Exercise: All that is wanted is a word-for-word copy of the data from its first line to the line containing "The GR-003 is", both included.

#### Given records ####

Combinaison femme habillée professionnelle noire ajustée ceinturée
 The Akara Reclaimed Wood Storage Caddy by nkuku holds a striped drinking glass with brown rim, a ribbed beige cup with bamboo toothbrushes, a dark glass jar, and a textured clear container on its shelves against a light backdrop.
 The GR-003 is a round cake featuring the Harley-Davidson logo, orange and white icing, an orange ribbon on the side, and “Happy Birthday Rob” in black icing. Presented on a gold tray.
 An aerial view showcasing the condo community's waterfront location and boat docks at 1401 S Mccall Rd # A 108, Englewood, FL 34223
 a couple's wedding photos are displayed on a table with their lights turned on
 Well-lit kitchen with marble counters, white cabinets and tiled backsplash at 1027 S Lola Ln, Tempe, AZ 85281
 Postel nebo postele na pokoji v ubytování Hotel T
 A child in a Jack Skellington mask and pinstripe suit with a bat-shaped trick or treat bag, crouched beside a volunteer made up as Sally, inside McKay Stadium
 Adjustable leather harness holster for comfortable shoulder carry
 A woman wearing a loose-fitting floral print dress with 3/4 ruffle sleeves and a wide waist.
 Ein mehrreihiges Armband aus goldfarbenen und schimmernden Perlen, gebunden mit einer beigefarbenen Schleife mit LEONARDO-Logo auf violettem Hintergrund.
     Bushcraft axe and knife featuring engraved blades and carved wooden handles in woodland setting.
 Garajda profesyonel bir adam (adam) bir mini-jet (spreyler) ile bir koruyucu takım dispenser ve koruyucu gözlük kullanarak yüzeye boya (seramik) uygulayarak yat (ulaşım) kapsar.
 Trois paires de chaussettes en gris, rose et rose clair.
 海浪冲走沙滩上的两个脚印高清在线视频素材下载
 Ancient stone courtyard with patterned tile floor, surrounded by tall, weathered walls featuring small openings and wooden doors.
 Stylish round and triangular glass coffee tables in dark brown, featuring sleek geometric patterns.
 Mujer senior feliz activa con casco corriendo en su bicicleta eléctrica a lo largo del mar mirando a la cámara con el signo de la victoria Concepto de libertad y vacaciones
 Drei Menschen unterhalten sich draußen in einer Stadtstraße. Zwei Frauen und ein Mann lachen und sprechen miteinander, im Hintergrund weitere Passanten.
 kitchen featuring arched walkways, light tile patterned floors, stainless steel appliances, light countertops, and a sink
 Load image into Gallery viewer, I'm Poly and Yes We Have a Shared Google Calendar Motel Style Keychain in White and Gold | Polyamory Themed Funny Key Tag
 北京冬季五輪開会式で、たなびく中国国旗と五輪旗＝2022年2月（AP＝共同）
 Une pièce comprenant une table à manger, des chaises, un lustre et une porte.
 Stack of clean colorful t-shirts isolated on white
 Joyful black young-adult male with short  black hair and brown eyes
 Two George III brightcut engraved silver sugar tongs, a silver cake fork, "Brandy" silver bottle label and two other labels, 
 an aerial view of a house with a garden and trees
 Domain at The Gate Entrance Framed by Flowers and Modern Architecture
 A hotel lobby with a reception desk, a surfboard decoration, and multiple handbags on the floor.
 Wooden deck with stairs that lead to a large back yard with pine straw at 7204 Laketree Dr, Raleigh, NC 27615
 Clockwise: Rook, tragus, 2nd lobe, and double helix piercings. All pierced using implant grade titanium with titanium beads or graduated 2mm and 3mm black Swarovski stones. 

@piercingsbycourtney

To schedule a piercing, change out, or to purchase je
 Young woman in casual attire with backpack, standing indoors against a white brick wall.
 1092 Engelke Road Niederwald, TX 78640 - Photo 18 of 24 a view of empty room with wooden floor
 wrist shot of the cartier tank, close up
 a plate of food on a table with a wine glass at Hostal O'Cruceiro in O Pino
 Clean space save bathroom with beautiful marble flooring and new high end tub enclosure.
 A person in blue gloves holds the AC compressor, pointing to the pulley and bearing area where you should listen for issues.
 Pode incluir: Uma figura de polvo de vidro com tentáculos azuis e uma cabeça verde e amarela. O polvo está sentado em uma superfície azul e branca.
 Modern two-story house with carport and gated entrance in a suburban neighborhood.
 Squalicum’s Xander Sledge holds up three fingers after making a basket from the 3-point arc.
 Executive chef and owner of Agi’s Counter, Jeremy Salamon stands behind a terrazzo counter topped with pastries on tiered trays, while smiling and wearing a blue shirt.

####

Task result:
Combinaison femme habillée professionnelle noire ajustée ceinturée
 The Akara Reclaimed Wood Storage Caddy by nkuku holds a striped drinking glass with brown rim, a ribbed beige cup with bamboo toothbrushes, a dark glass jar, and a textured clear container on its shelves against a light backdrop.
 The GR-003 is a round cake featuring the Harley-Davidson logo, orange and white icing, an orange ribbon on the side, and “Happy Birthday Rob” in black icing. Presented on a gold tray.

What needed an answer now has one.